Decisions to give or refuse children a much-wanted treat are not always
easy for parents to grapple with. If asked, the Porcelli's may have had
no difficulty in saying no. They might have agreed that their child
should have this opportunity. Mr McRae was an experienced and competent
pilot. What greater reassurance can anxious parents have that the pilot's
own son is also on board? Many parents doubtless would have given consent
had the opportunity been afforded their child and could not be criticised
for doing so. However, most parents and guardians who hand their child
over into another's care for however limited a time would, in my view,
have an expectation that the adult responsible for them would seek their
consent before embarking with them upon any unforeseen, unforewarned event,
particularly if it involved risks. It may be a mark of how casually and
routinely Mr McRae regarded the use of his helicopter that he took no
steps to seek such permission, but most parents, in my view, would regard
it as appropriate to be asked before another takes their child on a car
journey, a swimming trip, or indeed any deviation from the expected play
date at home. There are good and cogent reasons behind such an
expectation: parents can give vital information about the child and his
ability to enjoy the proposed outing; there may be safety considerations;
there may be family boundaries crossed; the list goes on. Parents should
have the opportunity to say no in respect of their child. The Porcellis
were denied this.
- However, in the
absence of unambiguous evidence that Ben would have been refused
permission to participate in the flight, it is not open to me to make a
finding in terms of Section 6(1) (c). If permission had been granted, as
it could have been, Ben would have been on the flight. The granting of
that permission would not have been open to criticism.
- Nor am I in a
position to make a finding that the Civil Aviation Authority should consider
regulation of this matter. There is simply insufficient evidence before
me to entitle me to make such a finding. Regulation can be a blunt
instrument and it should only be imposed when there is certainty about its
purpose and its result, and a careful consideration of possible unforeseen
and unintentional consequences undertaken. I suspect, but do not know,
that commercial aviators require parental consent already. In the absence
of any focus on this issue during the Inquiry, except insofar as already
related, I do not have the evidential basis to determine whether there
exists a significant problem in relation to children being carried without
parental consent, whether mandatory prior consent would be a proportionate
and reasonable response, how such regulation would sit with carriage in
other forms of transport and so on. I also do not know whether or not in
this case that any such regulation would necessarily have been complied
with, in circumstances where so many other requirements were not.
FLIGHT DATA RECORDERS
- The Crown seeks a
finding that "all aircraft should be fitted with flight data recorder to
include voice and video recording together with instrumentation
recording." They are supported in this by the McRae family.
- They base this
submission upon the evidence of Mr Fairbanks and Mr Robinson of the AAIB
and of Mr Connolly. Mr Robinson explained that there is currently no
requirement in the U.K or elsewhere for any type of flight data recording
device to be installed in private aircraft of this weight. It is
compulsory in public transport operations where 9 or more passengers are
being carried. He agreed that given the uncertainty surrounding the cause
of the crash it would have been helpful if any information of this type
had been available for consideration as part of the overall investigation.

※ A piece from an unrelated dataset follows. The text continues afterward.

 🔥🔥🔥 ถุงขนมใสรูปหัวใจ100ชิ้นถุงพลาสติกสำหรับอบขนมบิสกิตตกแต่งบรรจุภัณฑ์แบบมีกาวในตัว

It would have been particularly helpful in considering whether servo
transparency might have occurred to have confirmation of the estimated
airspeed of 130 knots along the valley and a measurement for the g force
encountered during manoeuvres. However, he pointed out, I.T does not tell
us everything we might wish to know. Sometimes, such flight data
recorders don't work; their calibrations can be out; as they get more
complicated investigators become more reliant on manufacturers to decode
them. They are, however, becoming more reliable and the possibility of
fitting them to all aircraft in the future is probably increasing. Cost
is a problem but digital technology is bringing that down.
- Mr Connolly also
spoke of the introduction by Eurocopter and by Agusta-Westland of light
weight, low-cost system cockpit monitoring and recording systems as an
alternative to Cockpit Voice Recorder or full Flight Data Recorder
systems. The Eurocopter system, "Vision 1000" is intended as suitable for
all aircraft where flight data recorders and cockpit voice recorders are
not mandated. Such systems are, he says, available for less than $10,000
albeit lightweight audio-video recorders are available which could do the
job at less than $2,000. Costs would be driven up by certification
implications and tamper-proofing, together with routine maintenance and
inspection costs. He told the Inquiry that the Ministry of Defence has
mandated such lightweight cockpits voice recorders in all of its AS 250
helicopters following upon a recent collision.
- This was not an area
of investigation foreshadowed in any preliminary hearing or note of
issues. It emerged during evidence. Mr Anderson, on behalf of the Civil
Aviation Authority, took issue with the fact that at no time were the C.A.A.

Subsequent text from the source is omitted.